Bensouda also used the term “Palestinian state,” which itself exposes the ICC’s antisemitic bias.
It is instructive to consider who is Bensouda, otherwise one misses the bigger picture. Bensouda is a black Muslim immigrant, an unelected legal bureaucrat, and as such she is the face of a “politically-correct” European culture that has reduced logic, as well as every other human virtue, to nonsense. And it is this culture, helped by millions of European Muslims, that is rapidly reverting Europe back to its familiar, morally-justified, millennia-old antisemitism. Fatou Bensouda, to say it again, is the embodiment of this moronic culture-in-the-making.
This ongoing process can be seen in Bensouda’s use of the term “Palestinian state.” To be clear, it is one thing for a politician to use the term “Palestinian state,” and quite another for a senior jurist to do so. A politician uses this term to further a political agenda. A jurist, on the other hand, is restricted to operating within the confines of the law. Since a Palestinian state exists only in one’s mind, Bensouda’s reference to a nonentity in a legal framework exposes a political agenda behind the ICC statement. And to make the point clearer, the ICC, or any other court for that matter, becomes illegitimate once it begins to meddle in politics and assume authority it does not have. 
Bensouda in representing the ICC doesn’t seem to care about all of this legal gibberish, but others do. 
A similar ICC statement calling to investigate alleged US war crimes in Afghanistan, issued last April, prompted the Trump Administration to issue a warning that if the ICC proceeds with opening an agenda-driven investigation, Washington “will fight back.” The implication was that the Trump Administration would consider banning ICC judges and prosecutors from entering the United States, put sanctions on any funds they have in the US financial system, and prosecute them in the American court system.
With that, why still label as antisemitic the ICC’s decision to investigate (alleged) Israeli war crimes? Why would Prime Minister Netanyahu say that “the ICC has been turned into a political weapon in the fight against Israel”? That such is the case, said Netanyahu, is because “the prosecutor has completely ignored serious legal explanations presented to her.

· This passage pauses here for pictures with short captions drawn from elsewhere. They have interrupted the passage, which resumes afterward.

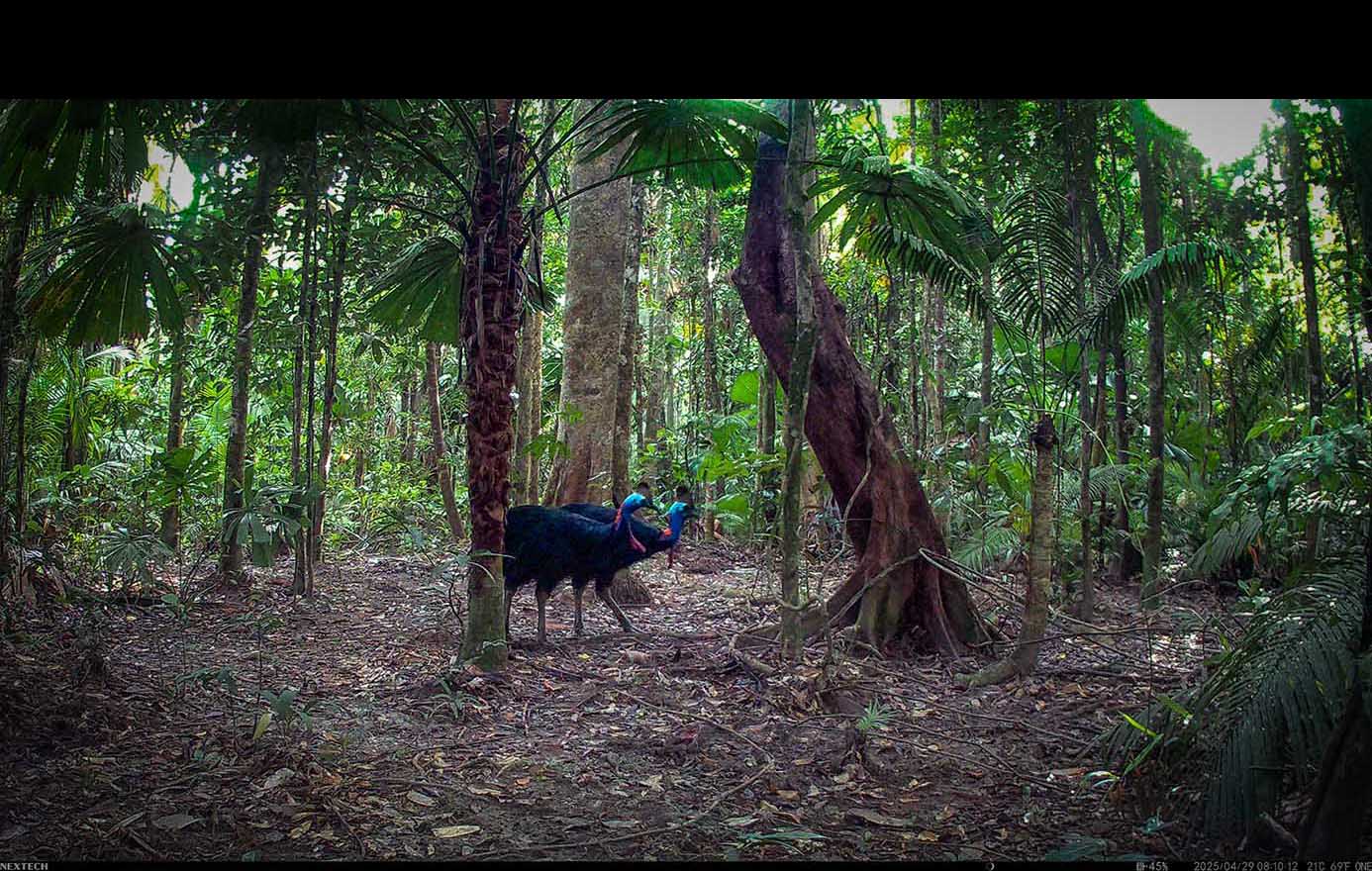 Camera Traps - April 2025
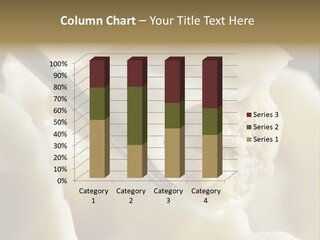 Plate Gourmet Vegetables PowerPoint Template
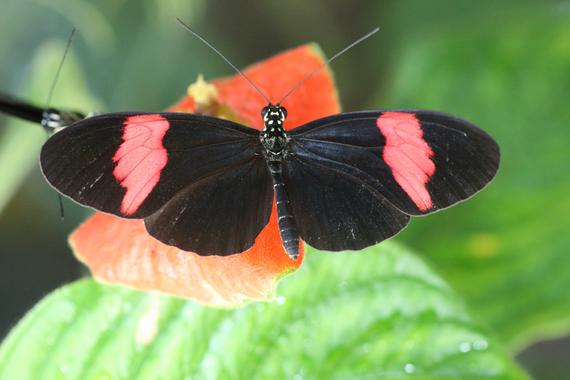 <p>Un ejemplar de la mariposa secuenciada (<em>Heliconius melpomene</em>). Imagen: Chris Jiggins (Universidad de Cambridge)</p>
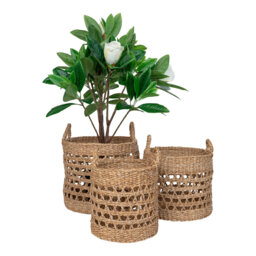 Bay Isle Home Alydia Seagrass Decorative Basket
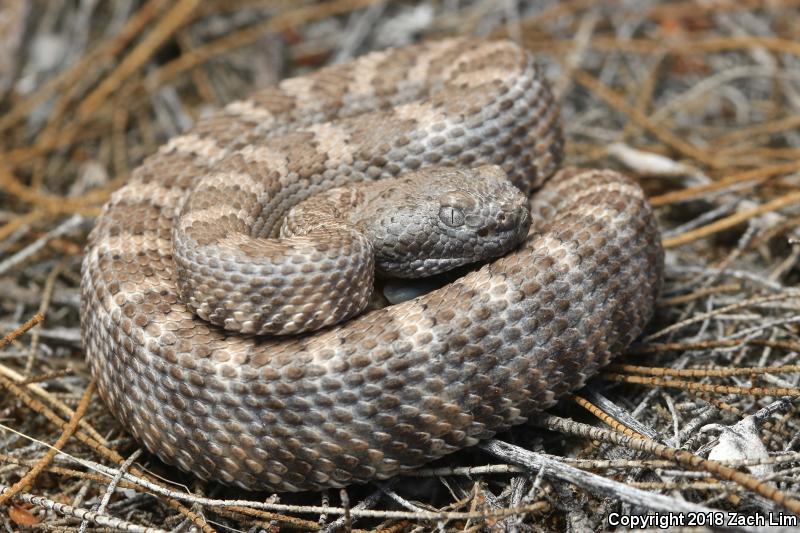 Panamint Rattlesnake (Crotalus stephensi)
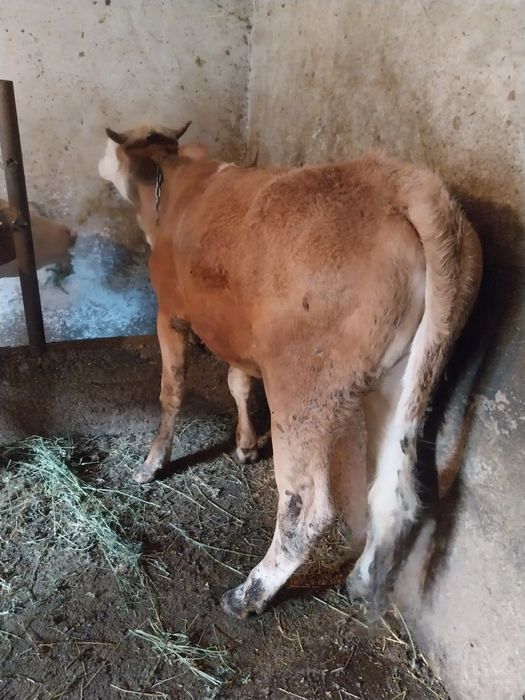 Vițică de vânzare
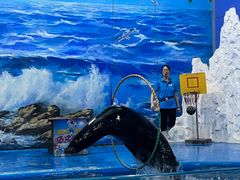 -左海海底世界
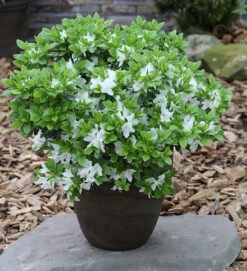 Japanische Azalee Diamant Weiß 20-25cm - Rhododendron Obtusum - Zwerg Alpenrose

She also ignores truth and history by [implying] that Jews living in their land amounts to a war crime.”
Among other things, Netanyahu noted the “marches of return” taking place nearly every week at the Gaza border. Some call these mere “demonstrations,” but their declared aim is a mass infiltration of Palestinians back to their pre-1948 villages and towns, which means that their aim is to destroy the Jewish state. Therefore, when the ICC sees Israel’s fight against these marches as war crimes, it effectively denies Israel’s right to exist. And that, as France and Germany have already legislated, amounts to antisemitism.
And since the above was written on the first day of Hanukkah, it is proper to recall that some 2,160 years ago, Simon Maccabee responded to Antiochus Epiphanes’ threats to destroy the Hasmonaean kingdom (Israel) with these immortal words: “We have neither taken foreign land nor seized foreign property, but only the inheritance of our fathers, which at one time had been unjustly taken by our enemies. Now that we have the opportunity, we are firmly holding the inheritance of our fathers” (1 Maccabees 15:33-34).